Provided data.
—————
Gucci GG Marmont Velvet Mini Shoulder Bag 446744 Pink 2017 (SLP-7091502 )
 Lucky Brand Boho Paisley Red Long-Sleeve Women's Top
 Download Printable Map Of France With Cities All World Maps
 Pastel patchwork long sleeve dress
—————
Task requirements.
Give back the data above exactly, so that every line matches.

Problem solution.
Gucci GG Marmont Velvet Mini Shoulder Bag 446744 Pink 2017 (SLP-7091502 )
 Lucky Brand Boho Paisley Red Long-Sleeve Women's Top
 Download Printable Map Of France With Cities All World Maps
 Pastel patchwork long sleeve dress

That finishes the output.